Build Your Own
Would you like to own a retro LED calculator which you have built from a kit?
Paul Scmidt was taken with the readily available calculator kit from Spikenzielabs, and here shows the stages in its construction. He also passes on valuable tips to achieve the best results.
© 2015 Paul Schmidt
This is a new article which was not originally in "The International Calculator Collector".
Calculator kits were readily available in the first half of the 1970s from several companies, most notably Heathkit and Sinclair. This was at a time when many calculators were manufactured in the U.S.A. and U.K. where labour costs were high and so there could be some cost saving in buying a kit of parts and assembling it yourself.
A Sinclair Cambridge calculator kit from the 1970s.
With the great transfer of calculator manufacture to Asia, where the labour costs were lower, calculator kits practically disappeared from the market from the late 1970s.
However, with the rise of interest in early electronics there is now an enthusiasm to own modern items that have a retro look. Such is the basic 4-function calculator with LED display and clear casing (showing the components inside) from Spikenzielabs.

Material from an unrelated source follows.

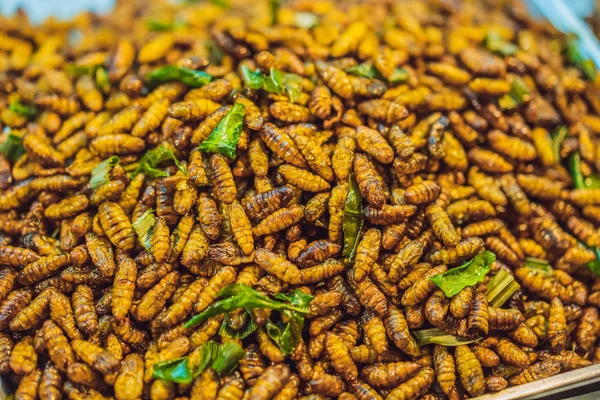 Insetos fritos, insetos fritos em comida de rua na Tailândia — Fotografia de Stock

Paul Scmidt assembled a Spikenzielabs calculator kit and passes on his experiences with it:
Building the Spikenzielabs calculator kit
I bought a Christmas gift in the form of a snazzy calculator kit. Looking at the kit, I liked it so much that I bought another for myself and put it together last week. It is a basic 4-function machine with floating point, but limited number size (max 6 digits positive, 5 digits negative, all numbers rounded to four decimal places - that is digits to the right of the decimal point – six decimal places may be entered but they are automatically rounded to four decimal places – and gives an error if either number of a calculation is zero, e.g. 5 + 0 = error.
Great clicky tactile keyboard action, brilliant large red LED display, beautiful laser-cut clear case.
Very few electronic components; the main Arduino-programmed microcontroller IC, two capacitors (for internal clock?) and six resistors that are for the keyboard-display-shared matrix scan lines (but resistors only used for the keyboard…they are not current limits for the display).
Powered from one watch battery, powers down after 10 seconds of non-use to save the battery.
The other unique thing about this calculator (the manufacturer claims that they are the only ones doing this) is the laser cut keys. Each key is comprised of two pieces; a clear plastic piece that fits between the actual PCB key switch and the key button, riding within a chamber formed by cutouts in the layers of clear plastic that comprise the case, and the black plastic key itself. The clear part and the black part are bonded together with instant adhesive. The unique part is that the black key starts out as a piece of shiny-finish acrylic plastic, with a protective film on one side. A laser cuts or vaporizes the unwanted film, leaving only the part that protects the desired image on the key surface (like etch resist on a PCB). Then the laser scans the top of the key to cause a roughed up matte surface, except where the protective film remains. Peel off the film and you get a cool looking black key with high contrast between glossy and matte regions.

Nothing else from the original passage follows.